Remembering Fairbanks’ life: Thousands learn more about woman of skill and humor

PORT ANGELES — More than 3,000 people gathered Monday at Civic Field to grieve the loss of U.S. Forest Service Officer Kristine Fairbanks, and to give thanks for the light she shined into their lives.

This was a woman who shared her gifts — of skill and of irreverent humor.

With her devotion to her job, her police dog partner, Radar, and her sometimes high, squeaky voice, she made an impression on people wherever she worked, in communities across the West.

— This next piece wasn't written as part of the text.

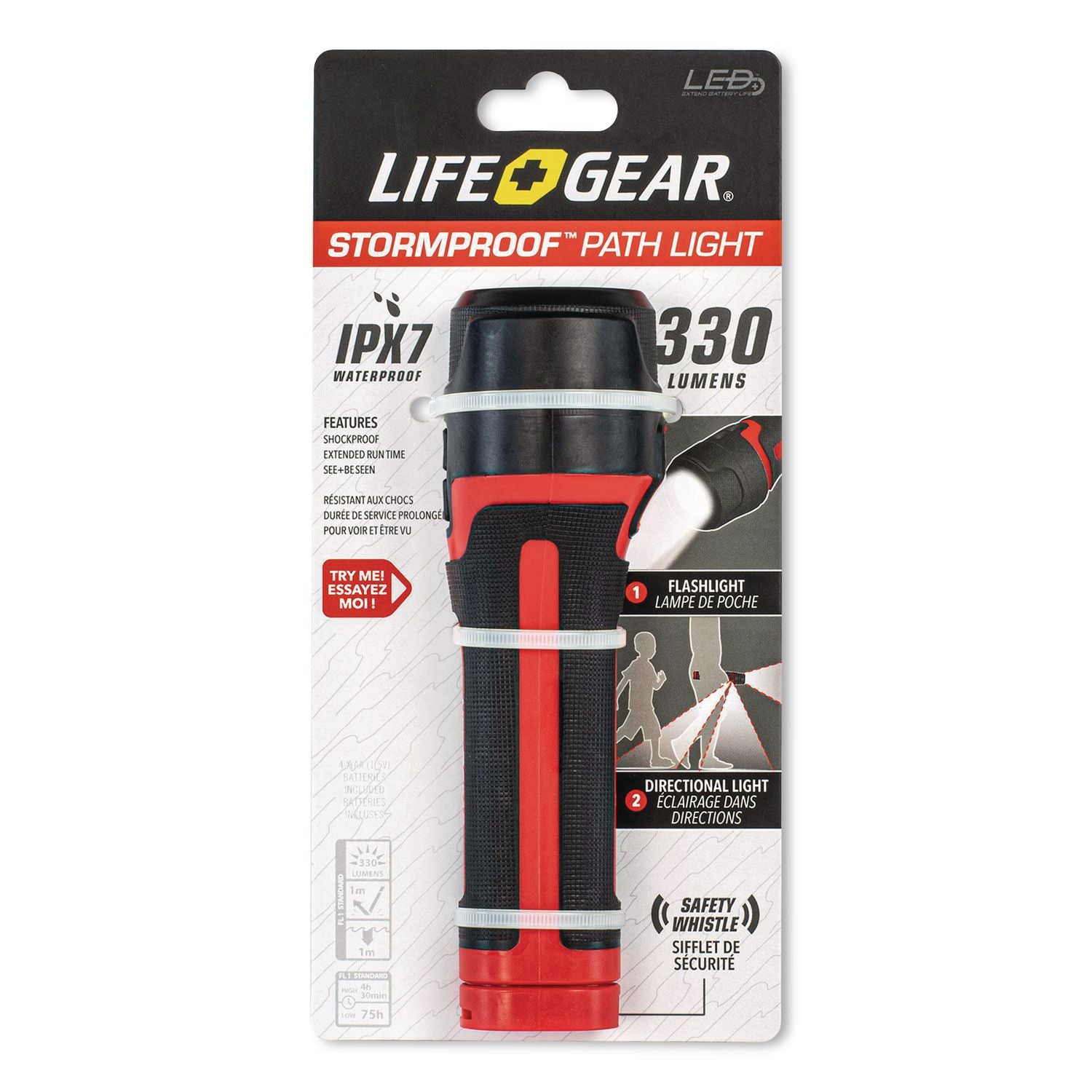 Life+Gear Stormproof Path Light - 150 lm Lumen - 4 x AA - Battery, USB - Water Proof, Impact Resistant, Weather Resistant, Slip Resistant - Black, Red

“She was like a pebble that sends out ripples,” said Beverly Loudon of Esquimalt, British Columbia, one of many who arrived hours before Monday’s service began at 1 p.m.

Loudon had met Fairbanks, she said, at a gathering of law enforcement officers on Vancouver Island.

Fairbanks, who was 51 and had devoted more than two decades to the forest service, was killed in the line of duty on Sept. 20 at the Dungeness Forks Campground in Olympic National Forest south of Sequim.

Authorities believe Shawn Matthew Roe, whose last known residence was Everett, shot both Fairbanks and Sequim-area retiree Richard Ziegler.

Roe was killed hours later by Clallam County Sheriff’s deputies outside Blyn’s Longhouse Market & Deli parking lot.

Monday’s memorial service was an outpouring of love and sorrow for a woman who worked in forests from Alaska to Texas, and who was beloved on the North Olympic Peninsula.

She graduated from Sequim High School, worked as a seasonal ranger in Olympic National Park before joining the forest service, and made her home with her husband, Brian Fairbanks — a Fish and Wildlife officer — and 15-year-old daughter Whitney, on the banks of the Bogachiel River.

The ceremony was created by Fairbanks’ family and her community — which stretches beyond the Peninsula.

During her career, Fairbanks patrolled national parks and national forests in several states including Oregon, where she met U.S. Forest Service special agent Anne Minden while on a “mushroom patrol.”